Views on the peer review system of biomedical journals: an online survey of academics from high-ranking universities
1 Department of Psychological Medicine, Yong Loo Lin School of Medicine, National University of Singapore, Singapore
2 Department of Community Medicine and School of Public Health, Faculty of Medicine, University of Hong Kong, Hong Kong
3 Department of Medicine, Yong Loo Lin School of Medicine, National University of Singapore, Singapore
4 Faculty of Education, University of Hong Kong, Pokfulam, Hong Kong
5 Institute of Medical Psychology, School of Medicine, Shandong University, China
BMC Medical Research Methodology 2013, 13:74 doi:10.1186/1471-2288-13-74Published: 7 June 2013
Peer review is the major method used by biomedical journals for making the decision of publishing an article. This cross-sectional survey assesses views concerning the review system of biomedical journals among academics globally.
A total of 28,009 biomedical academics from high-ranking universities listed by the 2009 Times Higher Education Quacquarelli Symonds (THE-QS) World University Rankings were contacted by email between March 2010 and August 2010. 1,340 completed an online survey which focused on their academic background, negative experiences and views on biomedical journal peer review and the results were compared among basic scientists, clinicians and clinician scientists.
Fewer than half of the respondents agreed that the peer review systems of biomedical journals were fair (48.4%), scientific (47.5%), or transparent (25.1%). Nevertheless, 58.2% of the respondents agreed that authors should remain anonymous and 64.4% agreed that reviewers should not be disclosed. Most, (67.7%) agreed to the establishment of an appeal system. The proportion of native English-speaking respondents who agreed that the “peer review system is fair” was significantly higher than for non-native respondents (p = 0.02). Similarly, the proportion of clinicians stating that the “peer review system is fair” was significantly higher than that for basic scientists and clinician-scientists (p = 0.004). For females, (β = −0.1, p = 0.03), the frequency of encountering personal attacks in reviewers’ comments (β = −0.1, p = 0.002) and the frequency of imposition of unnecessary references by reviewers (β = −0.06, p = 0.04) were independently and inversely associated with agreement that “the peer review system is fair”.

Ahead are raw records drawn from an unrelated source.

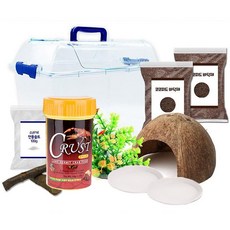  로라펫 코코피트 바닥재 크러스트 사료 소라게 키우기 세트, 혼합색상 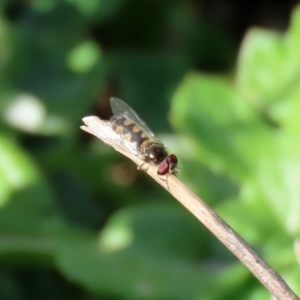 Melangyna viridiceps at Tennent, ACT - 28 Apr 2020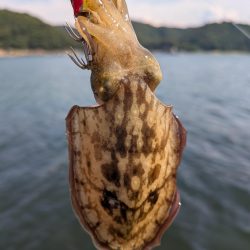 キスが釣れないので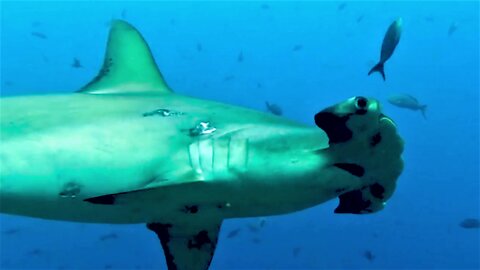 Battle-scarred hammerhead sharks closely inspect scuba divers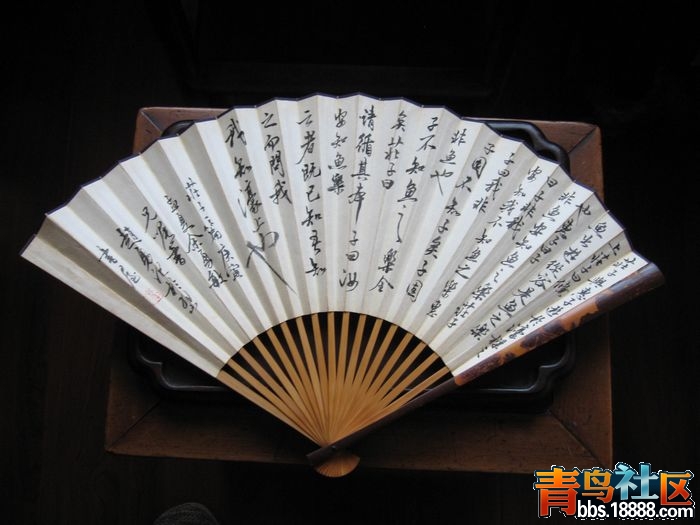 照片 094.jpg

Academics are divided on the issue of whether the biomedical journal peer review system is fair, scientific and transparent. A majority of academics agreed with the double-blind peer review and to the establishment of an appeal system. Female academics, experience of personal attacks and imposition of unnecessary references by reviewers were related to disagreement about fairness of the peer review system of biomedical journals.